2011-05-21 Thread Paul Wise
On Sun, May 22, 2011 at 6:22 AM, Steffen Möller steffen_moel...@gmx.de wrote:

  * get more artists attracted to Debian and encourage them to contribute
   in some way that we may not even foresee, yet it's art after all.
   How to render Debian more attractive to artists I don't really know.

Valessio Brito has been trying to push this a bit through things like
art.debian.net.

   What comes to mind:
    o a Debian blend for art?

pkg-multimedia folks were thinking about starting some blends, I think
this could fit well there.

    o better visibility of authorships for contributed art throughout the
      system, to help the artists' promotion?

The chosen desktop themes in desktop-base get good coverage in the
more popular desktops (GNOME, KDE etc) but things like GNUStep,
openbox, awesome don't use the default themes yet.
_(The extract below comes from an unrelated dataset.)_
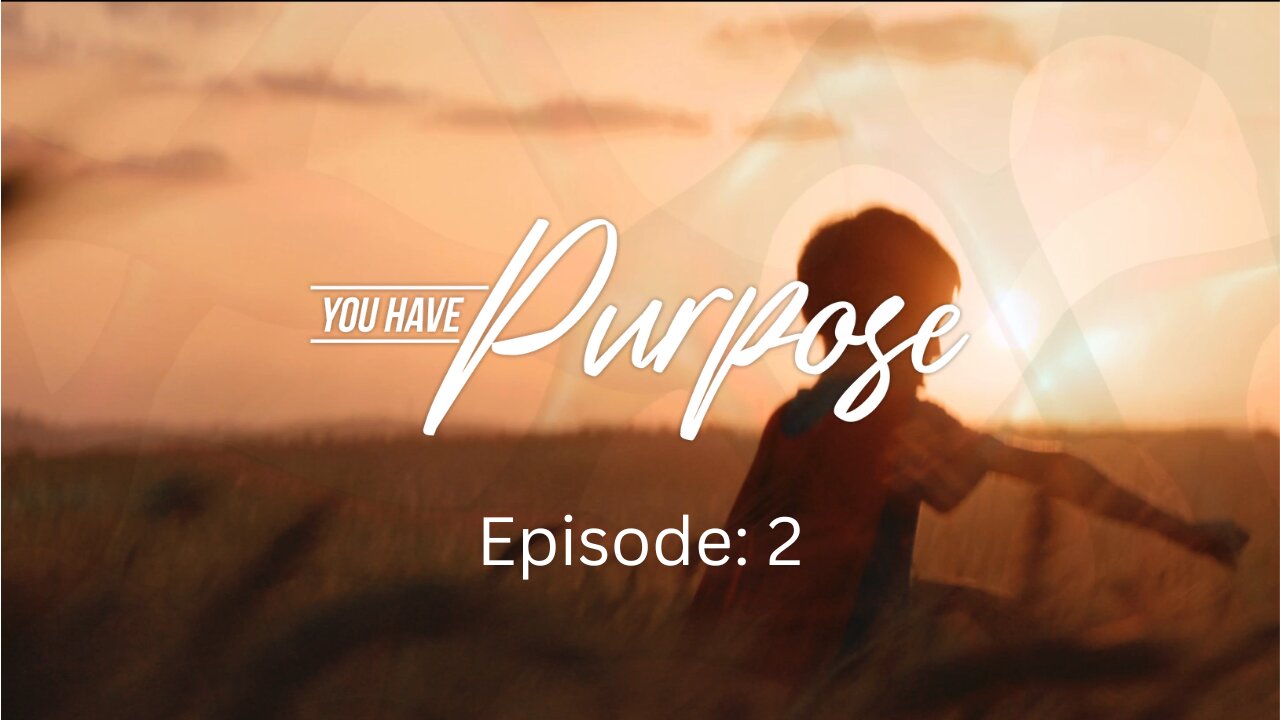 You Have Purpose (Episode 2)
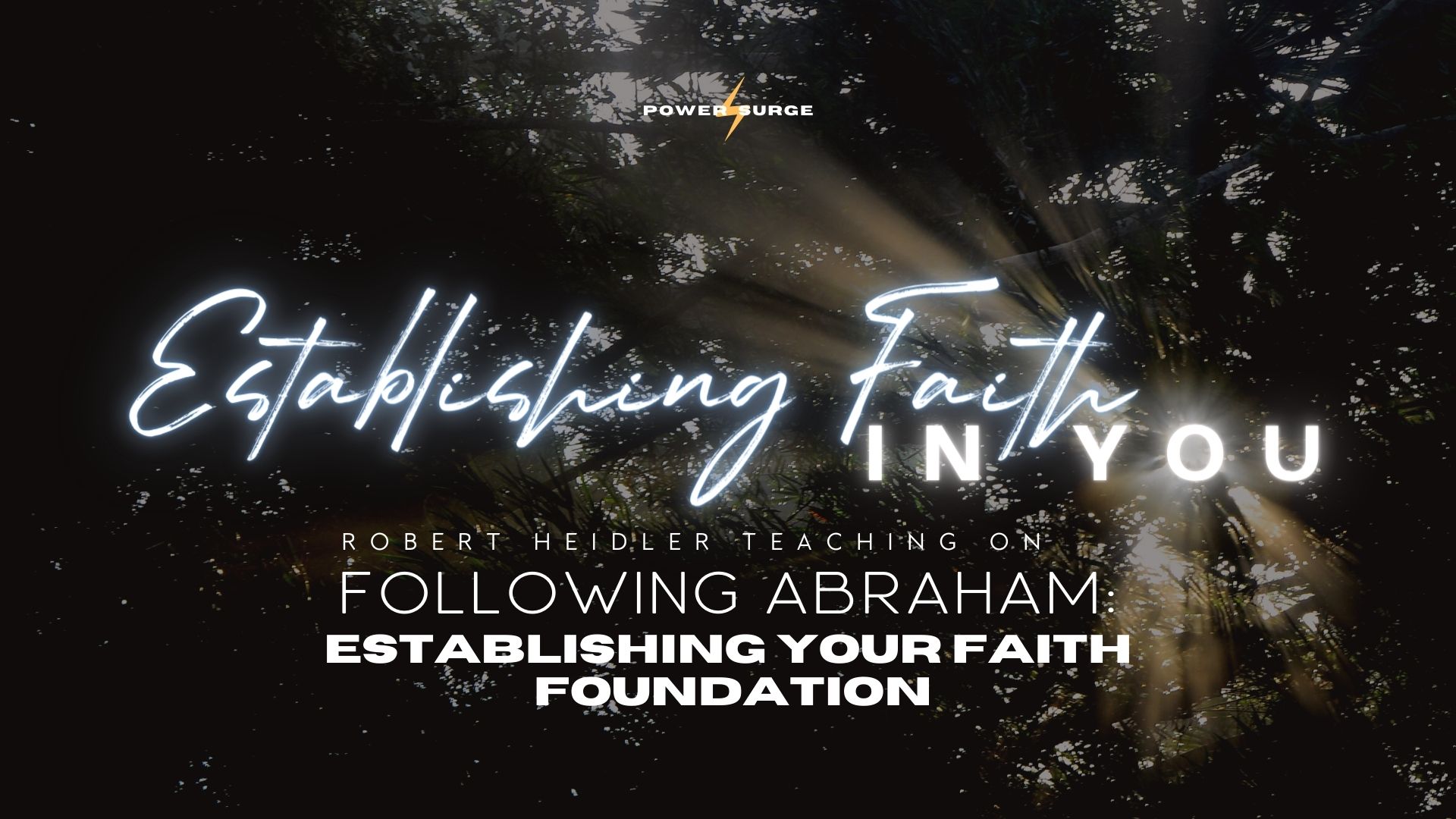 Power Surge: Establishing Faith In You (02/23)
    o competitions, prices?

Some competitions happen at art.debian.net, for example the recent
Debian and Debian women mascots

  * strengthen the concept of Blends more for various communities. This
   may help to ensure more complete workflows for various user groups
   and increases the likelihood that because of particular ties between
   users and developers the one or other piece of glue code may find
   its way into the archive, which may not fit to any particular package
   but ist just helpful in some way,

+1

I plan to start some game-related blends at some stage. I need to dig
a bit more into the technical side of blends first though.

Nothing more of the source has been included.